Espera un momento…–me dice Bernardo Neher cuando le pido que me explique cómo podía estar el monumento a Cristóbal Colón en una empalizada tan amplia, que pudieran pasearse por ella varios hombres y aún quedar espacio para muchos más. Mi planteamiento partía de una confusión. Yo pensaba que la estatua del Navegante que aparece en esta fotografía era la que había sido vandalizada el 12 de octubre de 2004, la del Paseo Colón.
Déjame echarle otro vistazo a la foto –me pide mi amigo, pensativo. He acudido a Bernardo Neher por su condición de caraqueño absoluto. Si Hitler reviviera entre nosotros para mandar a los campos de exterminio a los falsos caraqueños, entre el puñadito sobreviviente estaría Bernardo (refiriéndose a alguien como “mi tercio”).

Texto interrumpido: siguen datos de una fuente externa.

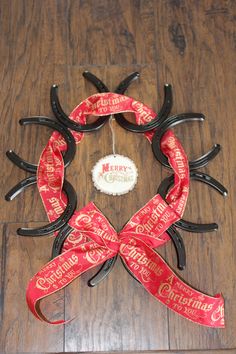 a christmas wreath made out of scissors and ribbon on a wooden floor with the words merry christmas written across it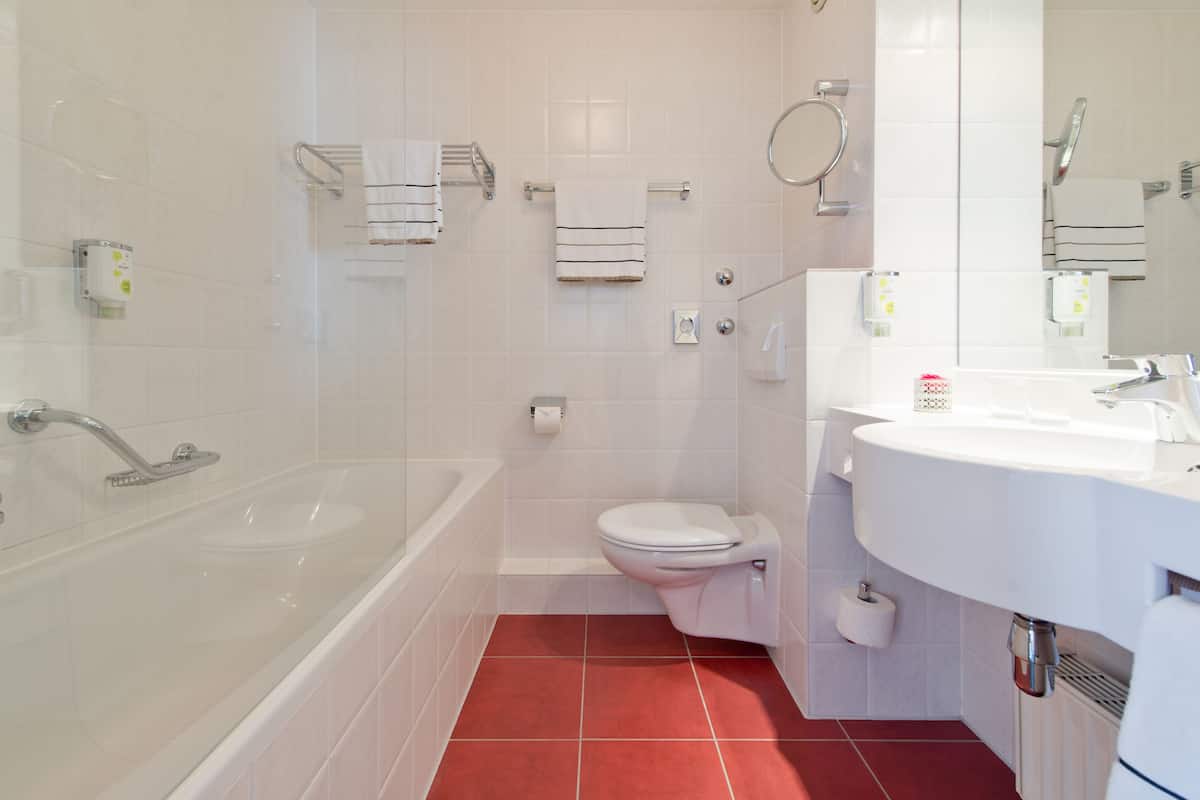 eco-friendly toiletries, hair dryer, slippers, towels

Esta foto, le explico, fue tomada por un corresponsal de la agencia United Press International, el 10 de octubre de 1954. De hecho, en el envés tiene una leyenda que reza: “La estatua de Cristóbal Colón observa la marcha del progreso en las nuevas torres de acero de 28 pisos que se levantan como parte de un proyecto de $300.000.000 entre edificios y vías terrestres en Caracas. La próspera ciudad industrial, rica en petróleo, se parece poco a la naturaleza virgen que Colón visitó en su tercer viaje al nuevo mundo en 1948”. Pero no establece desde dónde fue captada la gráfica. Es decir, ¿dónde estaba el monumento?
No puede ser la estatua del Paseo Colón –conjetura Bernardo- porque desde allí no se verían tan próximas las torres del Centro Simón Bolívar. Pero hay otro detalle… el brazo de Colón. Cuando yo estudiaba segundo año de bachillerato, en el colegio San Ignacio, solía llevar hasta su casa a Chimpolo Ambart, un compañero que vivía en el oeste de Caracas. Y en alguna ocasión, Chimpolo me señaló el brazo de Colón, extendido hacia un lado, y me dijo que con ese gesto Colón estaba diciendo: “Hasta aquí llegó la mierda”. Se refería a la mierda que vivía en el este de Caracas. No. Definitivamente, este no es el Colón de Plaza Venezuela.
En Caracas había al menos dos estatuas del gran almirante de la mar océana. Una era el Monumento a Colón en el Golfo Triste, que se levantaba en el entonces llamado Paseo Colón, en las inmediaciones de Plaza Venezuela, obra del escultor venezolano Rafael de la Cova, que el 12 de octubre de 2004 fue derribada, destrozada y pintada de rojo, como si hubieran querido verla humillada y sangrante. Dos años antes, el 12 de octubre de 2002, Chávez había decretado que el Día de la Raza de toda la vida ahora se llamaba Día de la Resistencia Indígena. En la víspera de esta fecha en 2014, el portal chavista Aporrea propuso la realización de una “fiesta de la resistencia” en Plaza Venezuela y arengó: “Trae tus 500 años de arrechera”.
Una vez destrozada, la centenaria estatua, que formaba parte del patrimonio artístico de la nación, fue llevada a rastras hasta el Teresa Carreño, donde Chávez era anfitrión de una de las fastuosas cumbres a las que era tan aficionado, y fue colgada por los pies. Los miembros del Tribunal Popular de la Pachamama se entregaron, entonces, a una “danza indígena”, que según dicen los testigos estaba basada más en versiones de Hollywood que en algún baile aborigen auténtico. Hay que recordar, como puntualizara el crítico Roldán Esteva Grillet que los vándalos eran indigenistas pero en modo alguno indígenas. Los restos de la pieza todavía están desaparecidos y los expertos temen que hayan ido a parar a las manos de los recicladores de metal para ser fundidos.
Cinco años más tarde, Chávez persistió en su manipulación de la historia. «Cristóbal Colón”, bramó, “fue el jefe de una invasión que produjo no una matanza, sino un genocidio». Le había llegado la hora a la otra estatua caraqueña del genovés. Precisamente esta de la foto, una efigie de bronce del escultor Arturo Rus Aguilera, que se alzaba en el paseo de El Calvario. El 27 de marzo de 2009, Chávez secundó, en cadena nacional, la idea del entonces alcalde Jorge Rodríguez, de arrancar del Parque El Calvario la estatua que desde su pedestal estiraba el brazo, esta vez hacia delante, quizá para señalar con dolorida sorna un esfuerzo de construcción que en medio siglo sería revertido con tal furia que se llevaría por delante incluso al que un día desembarcara, encandilado y perdido, en Guanahaní.